Solid headline financials
EBITDA of $1.09 billion and underlying NPAT of $353 million for H1 FY26; interim fully franked ordinary dividend of $0.24 per share declared; EBITDA broadly flat versus the prior half despite lower market volatility.
Customer growth, satisfaction and margin improvement
Total services to customers increased by 108,000 (including ~45,000 Ampol Energy services); customer satisfaction score rose to 83.8; Strategic NPS +4; churn spread to market remained strong at 5.3 percentage points; consumer margin improved 10% versus the prior half.
Strong battery performance and financial returns
Operated battery fleet delivered $35 million EBITDA (up $10 million on the prior half); fleet EAF 99%; Torrens Battery annualized yield ~24% (annualized EBITDA / $189 million CapEx); flexible asset premium of 20% to the time-weighted average price for the half (7 percentage points above FY25).

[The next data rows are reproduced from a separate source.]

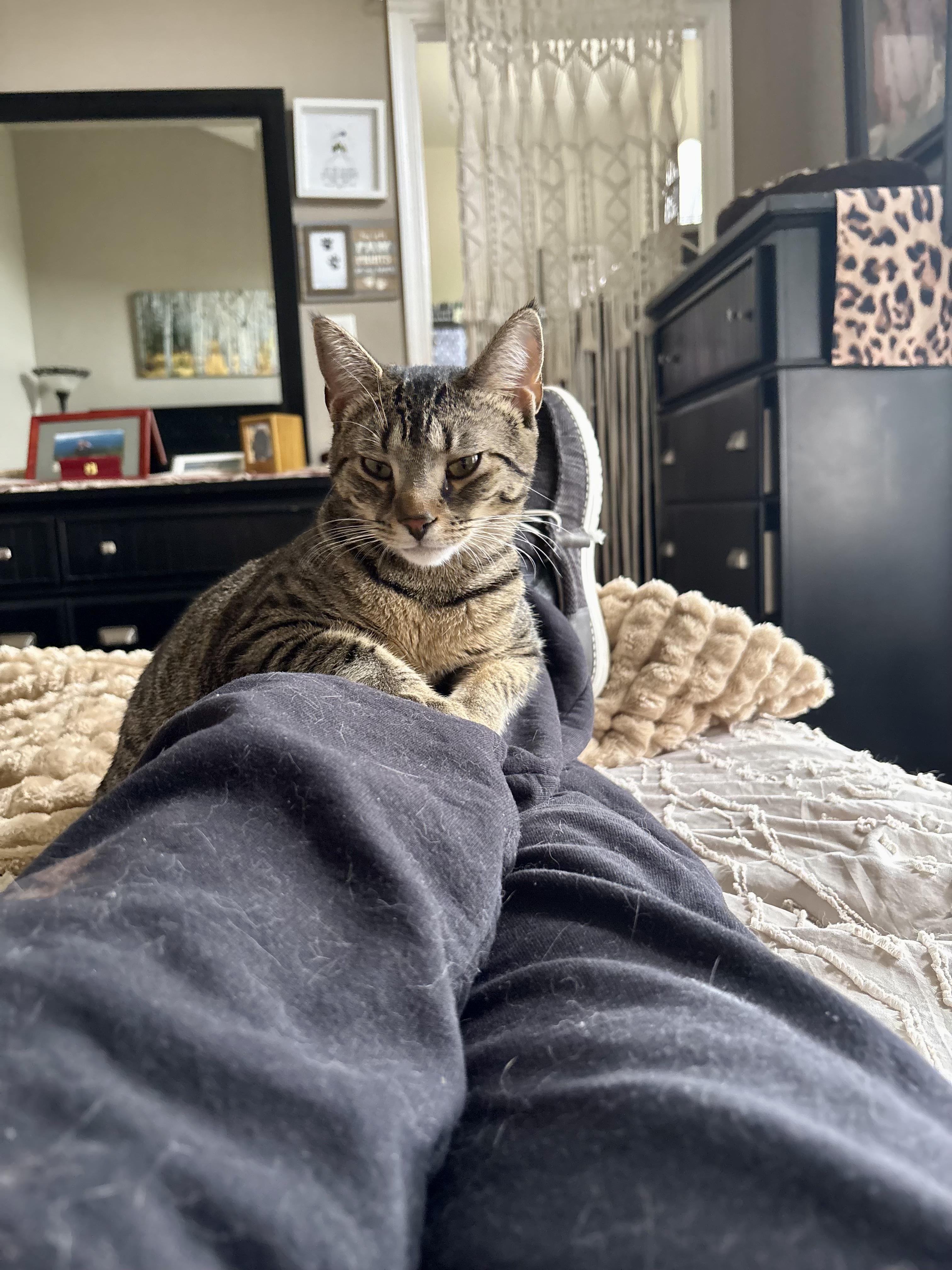 Enlarge Mocha, a Adoptable Domestic Short Hair in Galloway, NJ image 3/6
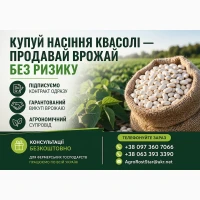 Насіння білої квасолі з контрактом на викуп врожаю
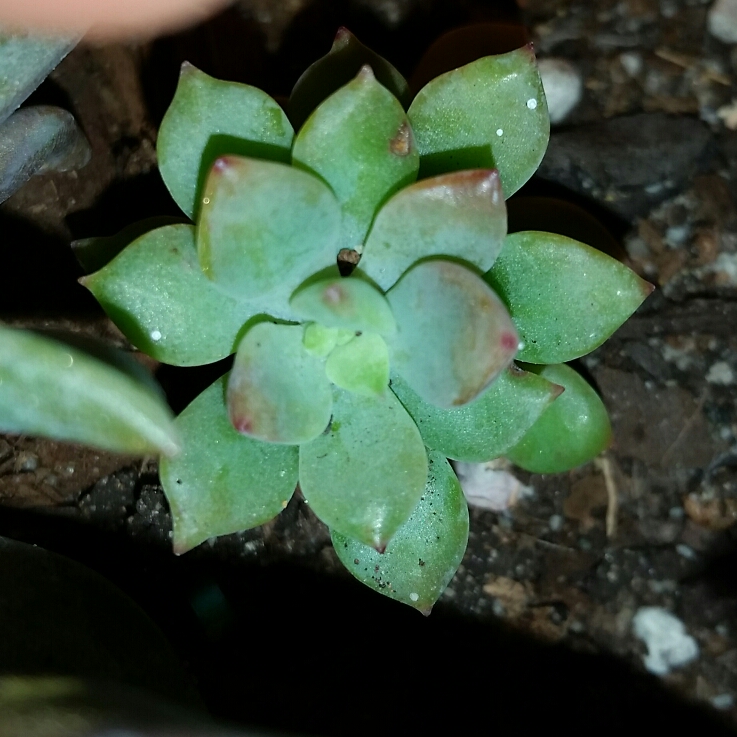x Graptosedum Joan Steele in the GardenTags plant encyclopedia Graptosedum Joan Steele in the GardenTags plant encyclopedia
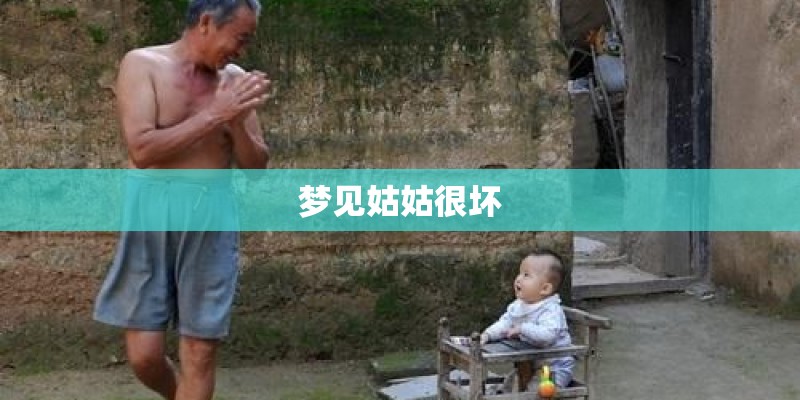 梦见姑姑很坏
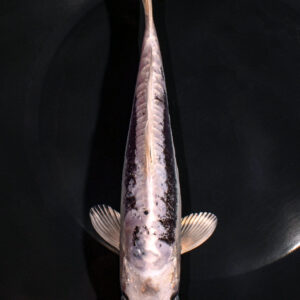 8.25" KIKOKURYU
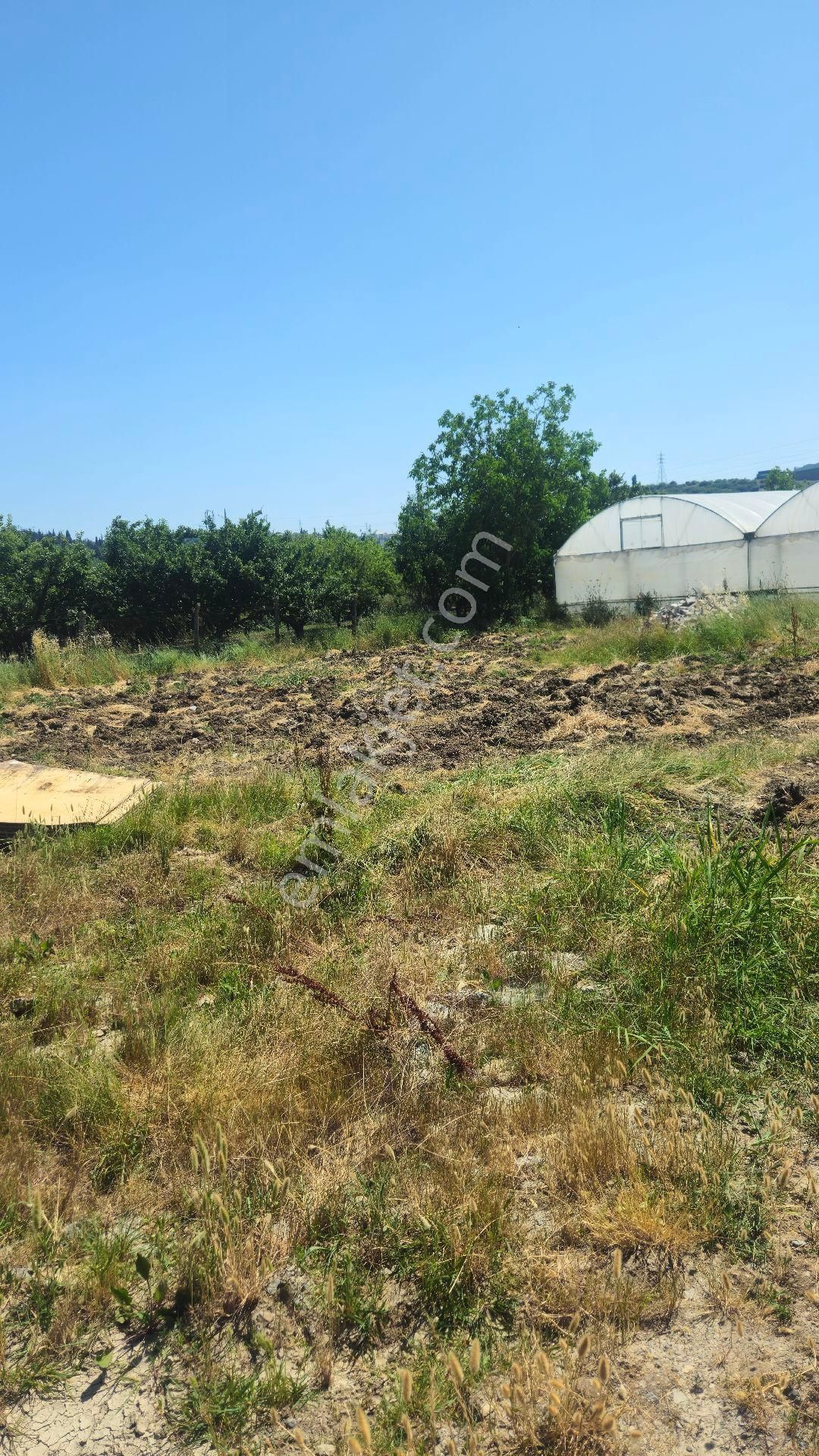 Sahibinden Satılık Tarla Merhaba Her İş Koluna Uygun Arazi - Görsel 2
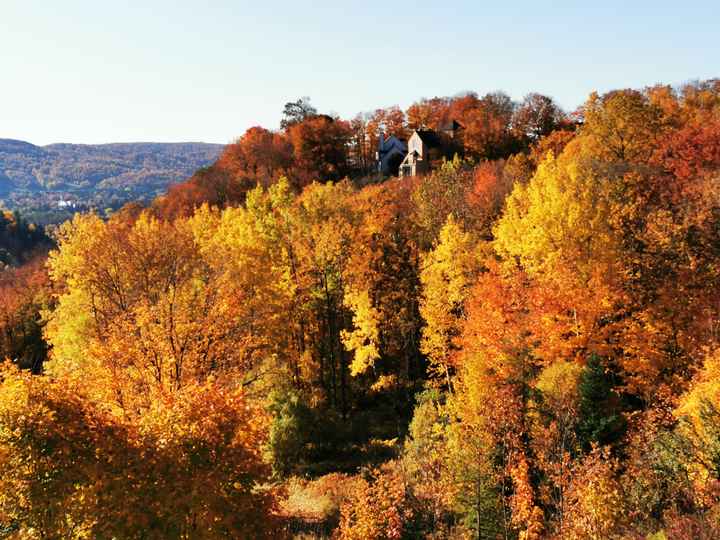 J'aimerais vous montrer quelques photos de mon mariage d'automne . - 13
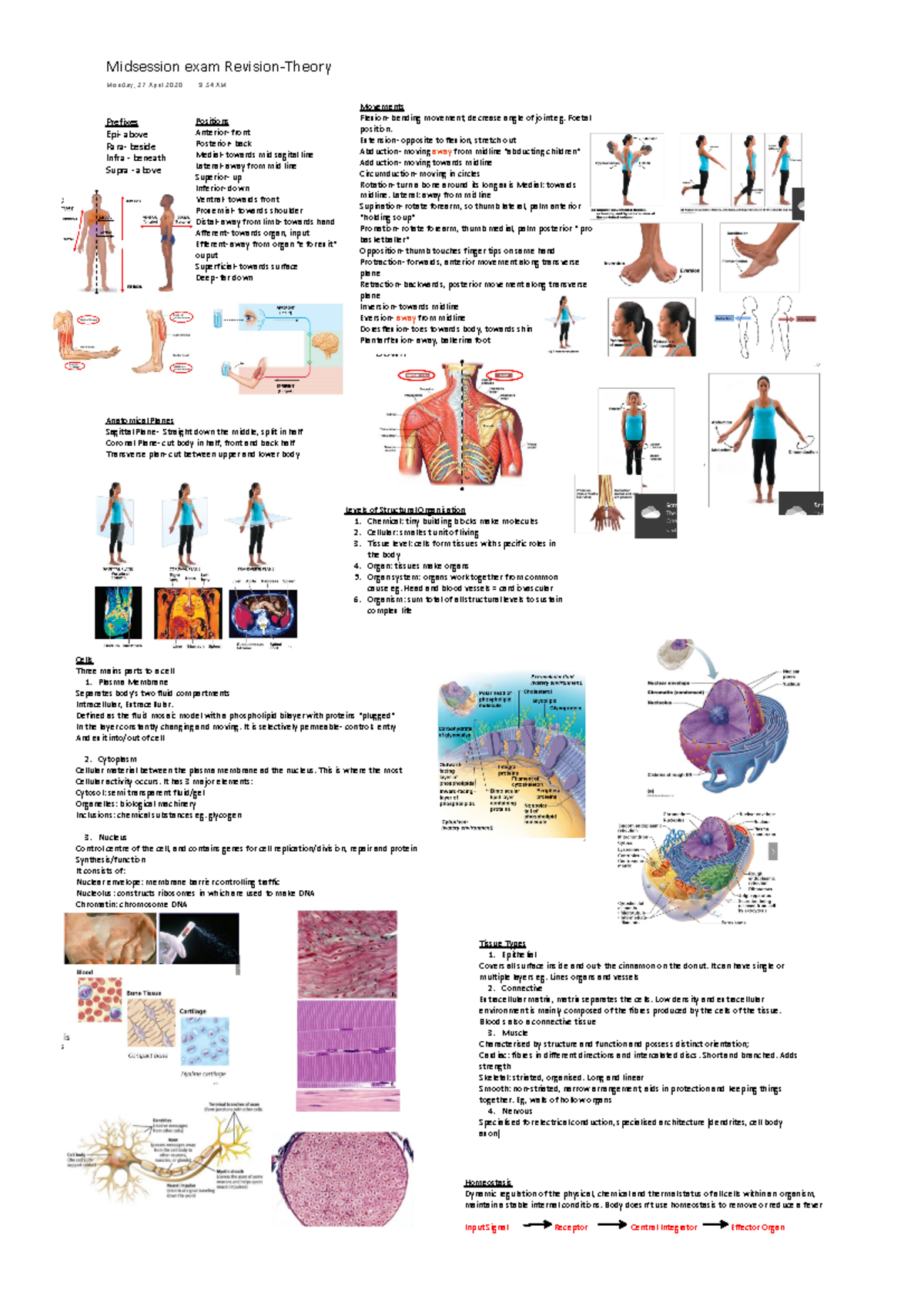 MEDI100 Midsem revision - Prefixes Epi- above Para- beside Infra ...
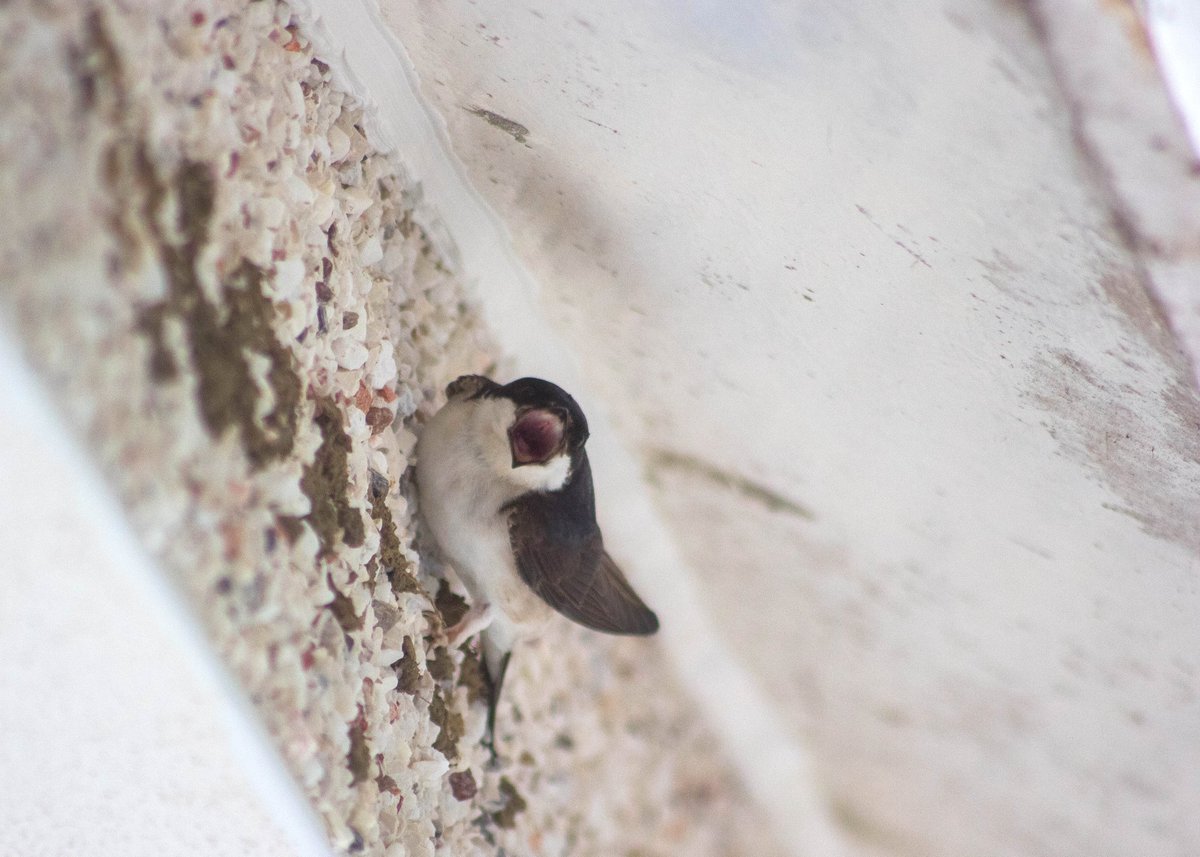 AHWLife's tweet photo. Look at these gorgeous house Martins. They're nest building on the front a friends house. I'm super excited to watch this process! #birds #nests #nesting #nature #wildlife #wildlifewednesday https://t.co/iA7t9DByBS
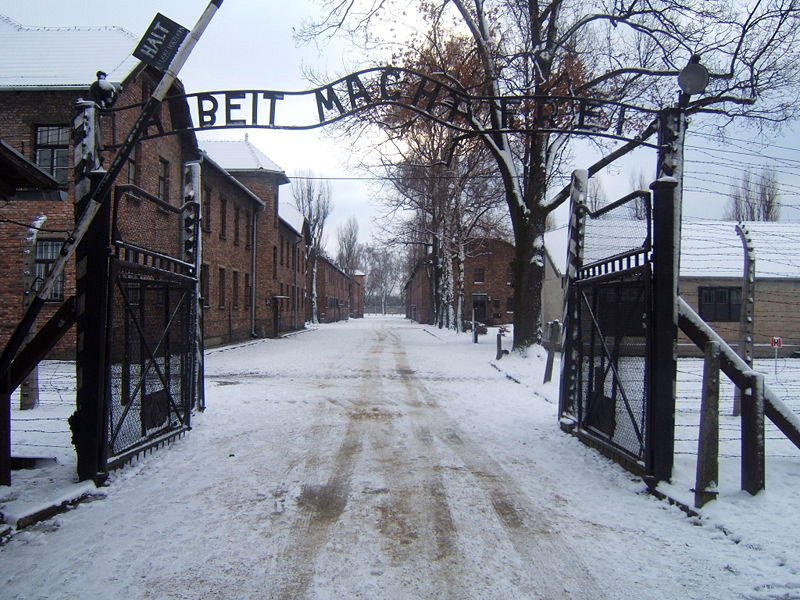 69. Rocznica Wyzwolenia Auschwitz – Birkenau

Development pipeline and project milestones
Development pipeline expanded to 11.3 GW (up from 9.6 GW at FY25); signed two long-term PPAs with Tilt Renewables (Palmer and Waddi wind farms); awarded CIS for 600 MW Hexham Wind Farm and allocated 176 MW peak capacity credits to the proposed Kwinana Swift Gas 2 project.
Progress on large-scale firming assets and CapEx deployment
Construction commenced on the 500 MW Tomago Battery; Liddell Battery (500 MW) expected to reach progressive operations (first 250 MW in Q3 FY26) and full operations in Q4 FY26; FY26 growth CapEx expected ~ $760 million with ~ $650 million targeted at firming projects.
Balance sheet, liquidity and capital recycling
Tilt divestment (19.9%) announced for $750 million expected to settle by Q3; telecom divestment to Aussie Broadband bringing ~ $115 million in shares and a strategic partnership; liquidity of ~ $1.2 billion in cash and undrawn committed facilities; $500 million AMTN issuance >10x oversubscribed; investment-grade Baa2 rating maintained.
Cost discipline and productivity program
Operating cost outlook improved versus prior expectations (now tracking under the previously forecast 3% increase and nearer to a sub-2% increase for FY26); company targeting sustainable net operating cost reductions of $50 million per annum after CPI from FY27.
Retail & platform momentum
Kaluza achieved major contract wins (largest deployment to date with Engie), more than doubled contracted meters over two years; acquisition of South Australia's Virtual Power Plant (SAVPP) integrated and contributed earnings; residential battery customer base doubled over 12 months and new Battery Rewards and VPP initiatives expanding orchestration capability.